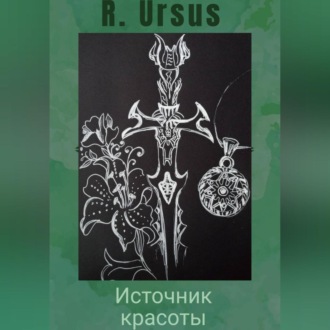 Обложка книги «Источник красоты»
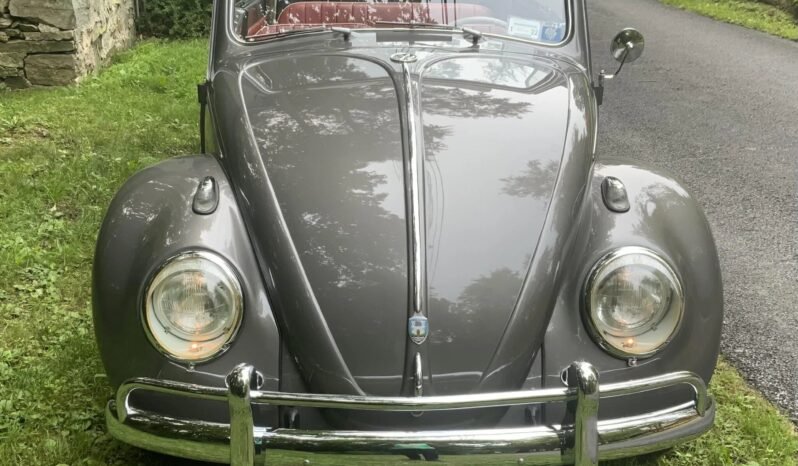 
								1959 Volkswagen Beetle Convertible full									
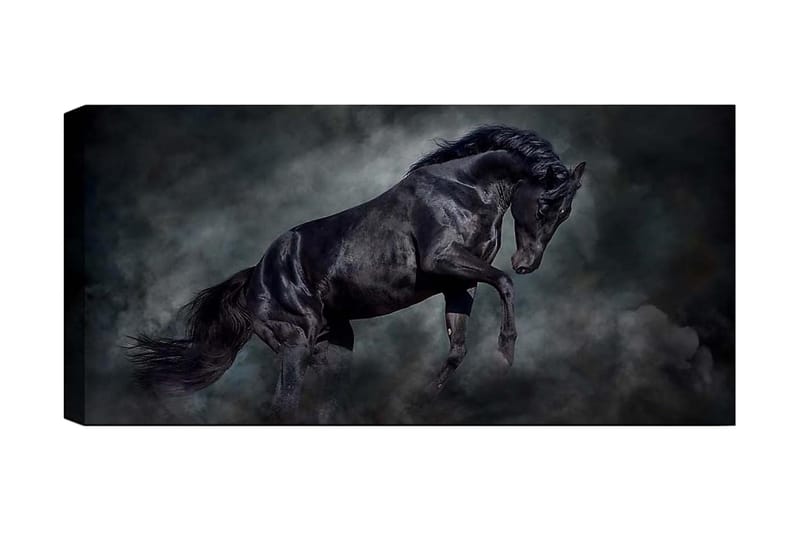 Canvasbilde YTY Animals Flerfarget - 120x50 cm - Interiør - Maleri & posters - Lerretsbilder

= = =

> What you will do: Ignoring the pictures, write out word for word the lines from the line containing "1959 Volkswagen Beetle" through the end of the material above.

> Answer area:
								1959 Volkswagen Beetle Convertible full									
 Canvasbilde YTY Animals Flerfarget - 120x50 cm - Interiør - Maleri & posters - Lerretsbilder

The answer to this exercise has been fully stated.